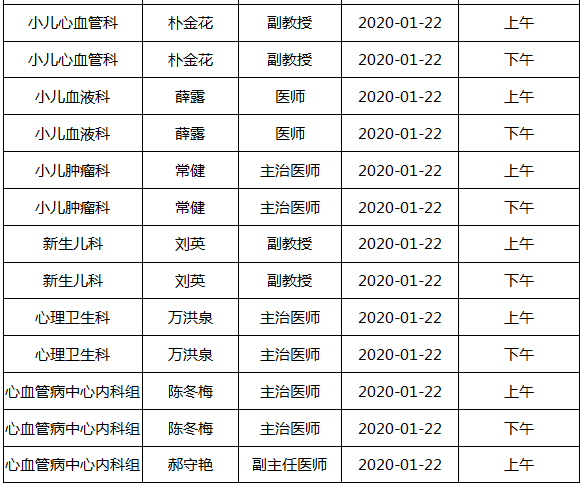 关注名医林洪生的最新出诊动态，为您的健康保驾护航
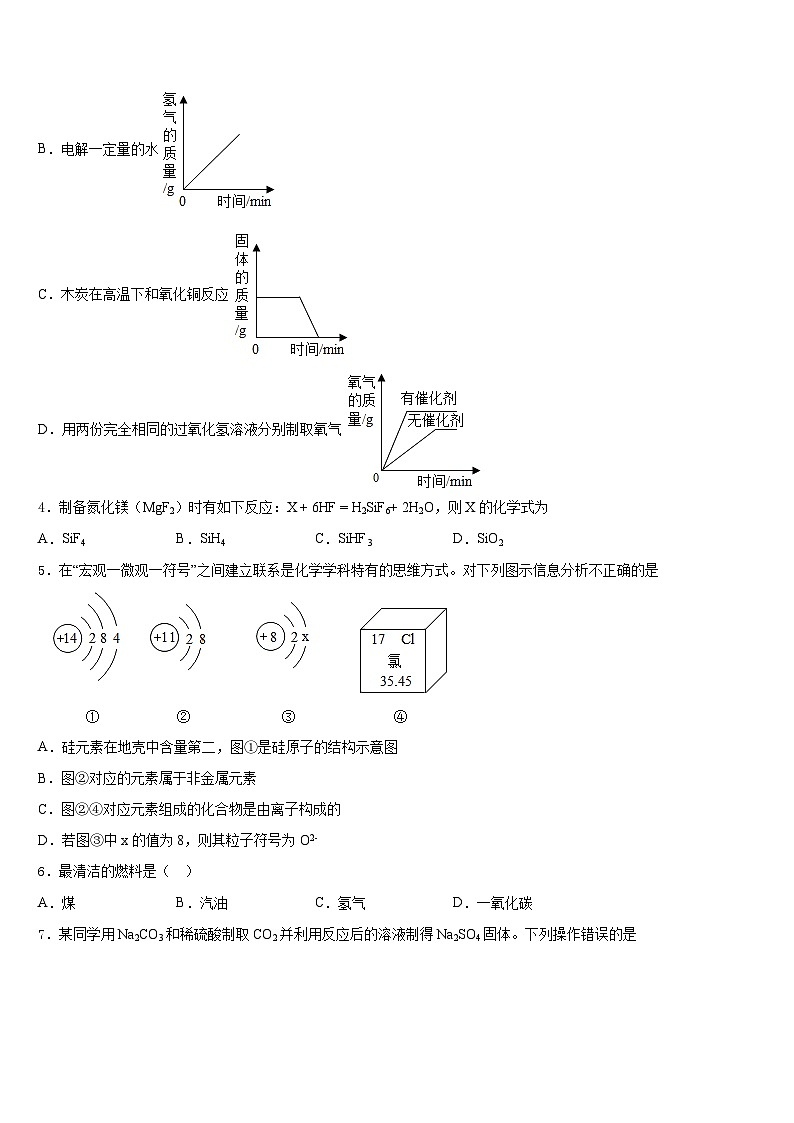 2023-2024学年北京十五中学九年级化学第一学期期末达标检测模拟试题含答案第2页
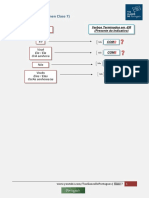 Aula 7.1 - Verbos Regulares ER - Resumo e Exercícios - Tus Clases de Portugués PDF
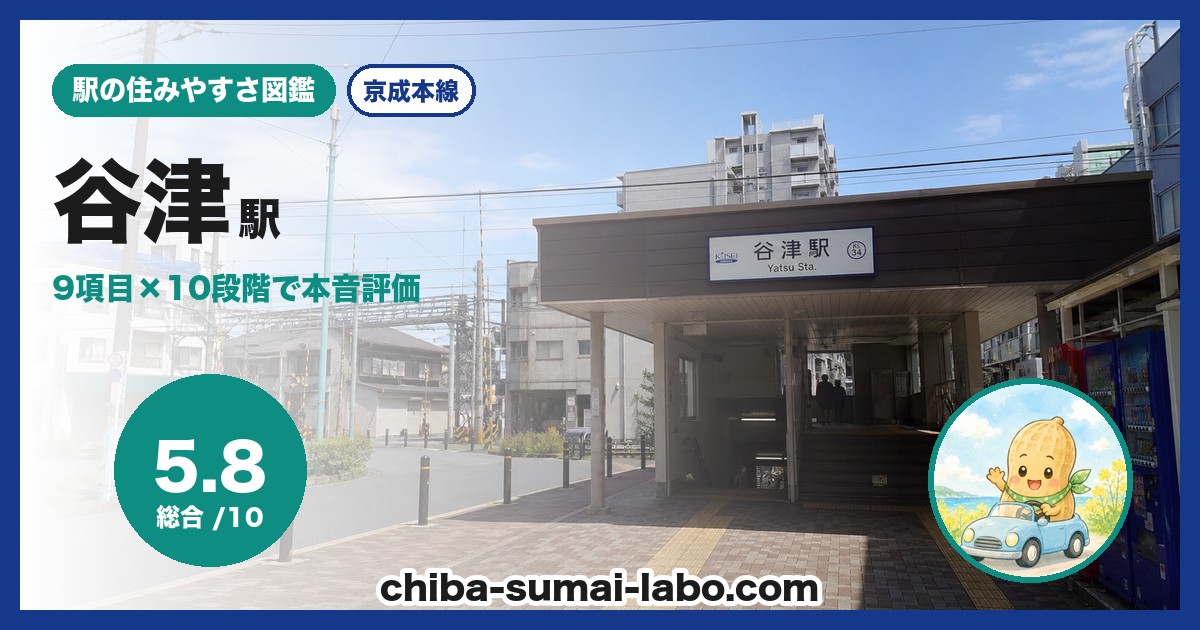 谷津駅前の風景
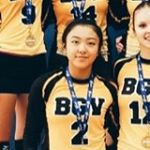 Alex Boomer - Instagram Profile Picture of Alex Boomer (@alex_boomer_liy) on Instagram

● ● ●

AIM OF THE EXERCISE: Every line of the data above is to be set down word for word, with the pictures left out.

RESULT FOR THIS EXERCISE:
 关注名医林洪生的最新出诊动态，为您的健康保驾护航
 2023-2024学年北京十五中学九年级化学第一学期期末达标检测模拟试题含答案第2页
 Aula 7.1 - Verbos Regulares ER - Resumo e Exercícios - Tus Clases de Portugués PDF
 谷津駅前の風景
 Alex Boomer - Instagram Profile Picture of Alex Boomer (@alex_boomer_liy) on Instagram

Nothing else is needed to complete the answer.